Melissa: But this is the point. Just wait, we’re going to get there. When this researcher asked participants in the study everyone said two to three times the amount of money. So, if you had a million dollars in the bank, you wanted three million. If you had three million you wanted nine million, and so on. It’s to that point, like you just said, we’re always chasing more. Whatever we have isn’t really going to be enough because you get there and discover you could have more. That’s actually an impediment to our having a joyful life. You have to spend more time thinking about how and what you have now is freaking great but we don’t. We’re just obsessed with the next, the next, the next… That’s why all these people play the lottery because they think they’re going to win the jackpot and all their dreams will come true. Life will be perfect and they’ll never feel pain again. But what is the point of money? It’s just cool. If the point of the money is to make you happy, then is it actually going to do that? I have a lot of friends who are in the health industry and life-coaching. I’ll run into people who, when asked to identify their goal for their fitness plan say, “I want to build self-esteem.” So you have to think, if the ultimate goal is to build self-esteem, is diet and exercise going to deal with that? There are so many other things you can try to do to actually build self-esteem. It’s the same thing with happiness. If the end goal is to be happy, then is all of this working and trying to accumulate money really going to get to that end goal?

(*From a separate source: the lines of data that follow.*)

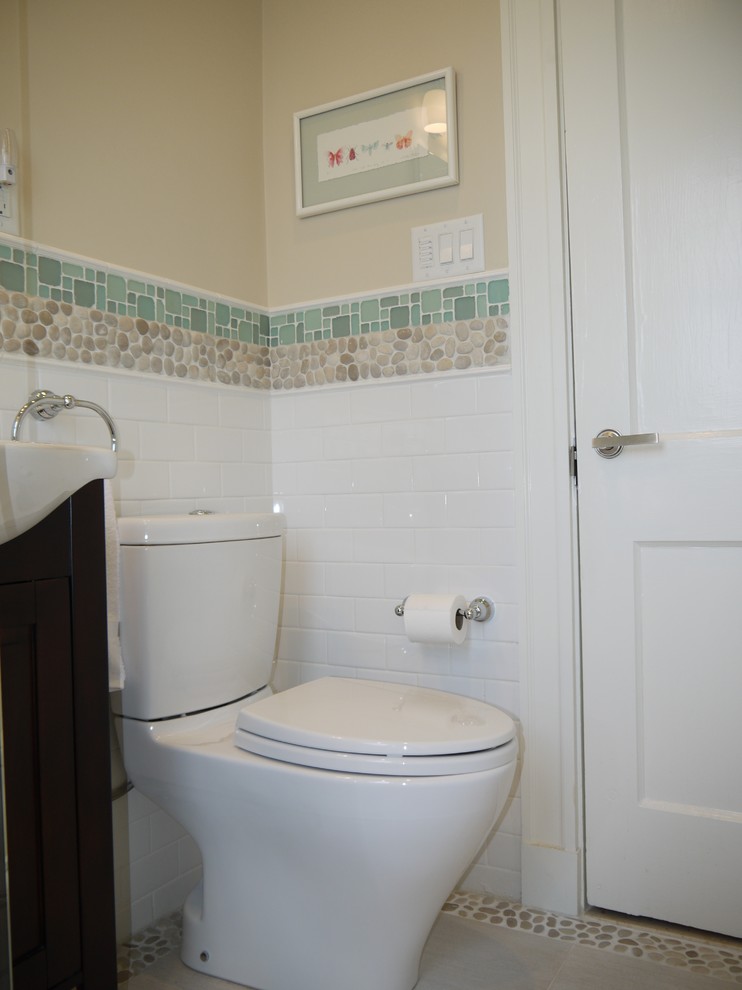 Idée de décoration pour une petite salle de bain bohème en bois foncé avec une vasque, une baignoire en alcôve, un combiné douche/baignoire, WC séparés, un mur beige, un sol en carrelage de porcelaine et un carrelage blanc.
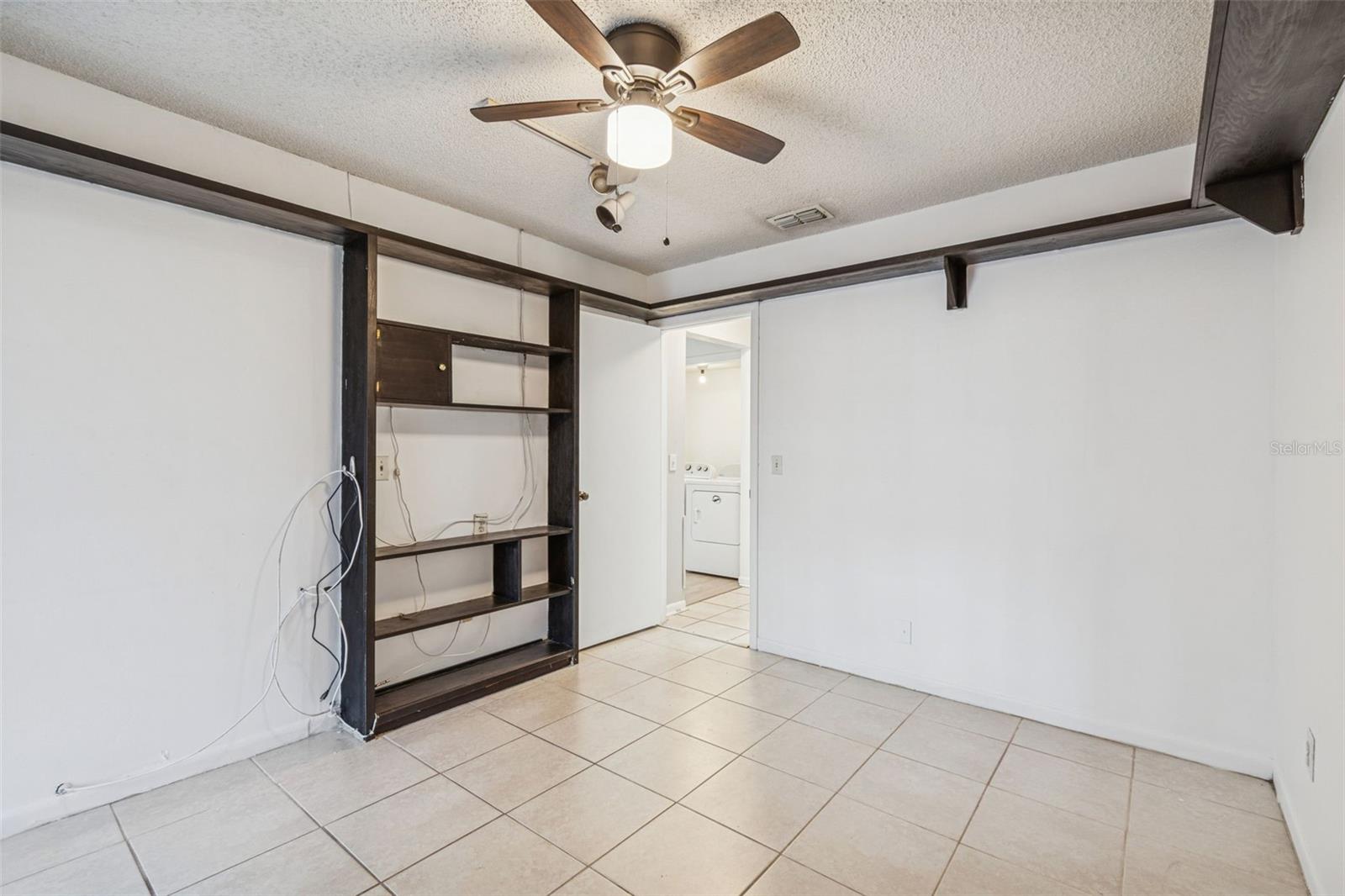 Image 16 of 96 For 1930 Gregory Drive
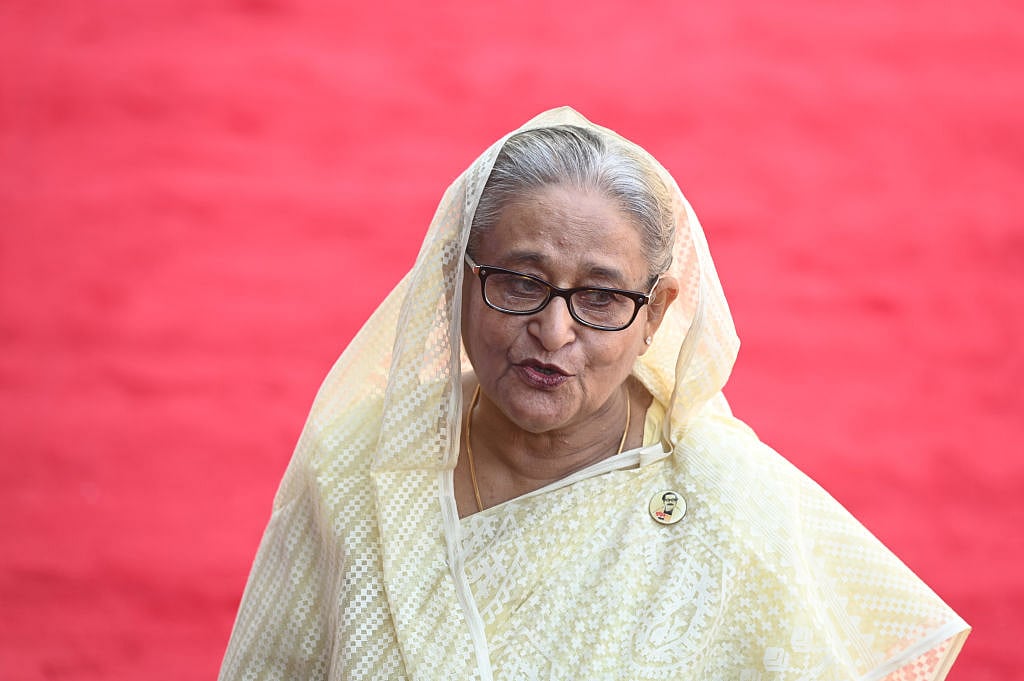 बांग्लादेश में तख्तापलट के बाद शेख हसीना के खिलाफ हत्या का केस दर्ज, अवामी लीग के कई नेताओं के नाम भी शामिल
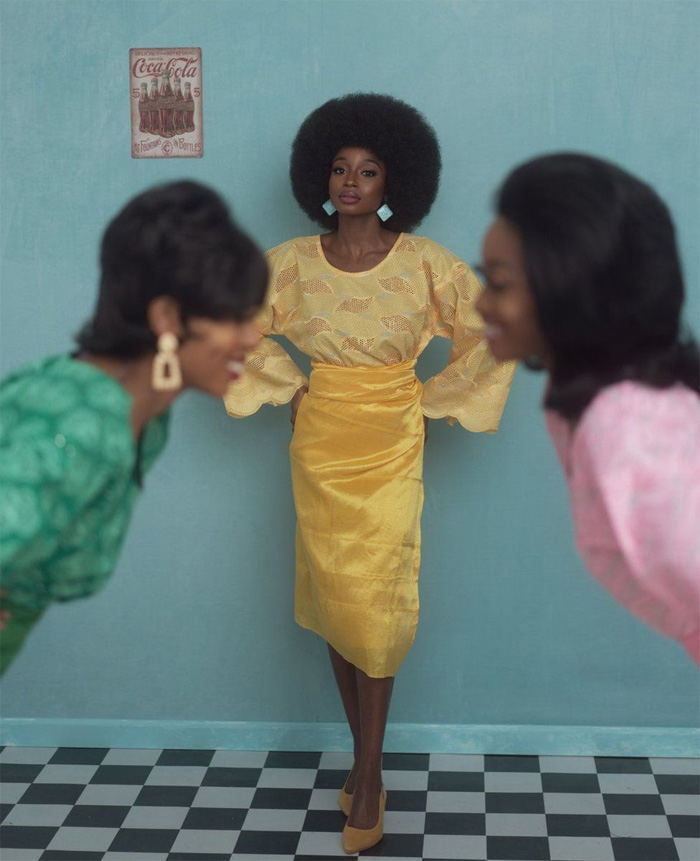 Foto do fotógrafo nigeriano Oye Diran inspirado nas mulheres dos anos 60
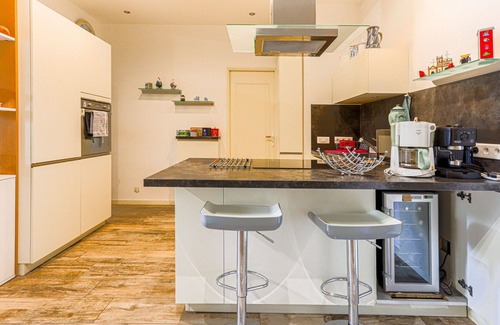 La Madeleine Apartment | Cosy apartment for 4 guests with WIFI, pool, TV, terrace and parking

Tom: That’s a good point. My other confession to make is, I’m naturally a shopper. I fight it a lot just because I know better being in personal finance that I need to save money.
Melissa: It’s the balance—save money, spend money. You can’t just save it all. I don’t believe that’s going to be enough either.
Tom: I still do my fair share of shopping. What I’m wondering is, why do we love buying things so much? Is it an adrenaline rush? What’s really happening there that’s making people so excited to spend all of their money?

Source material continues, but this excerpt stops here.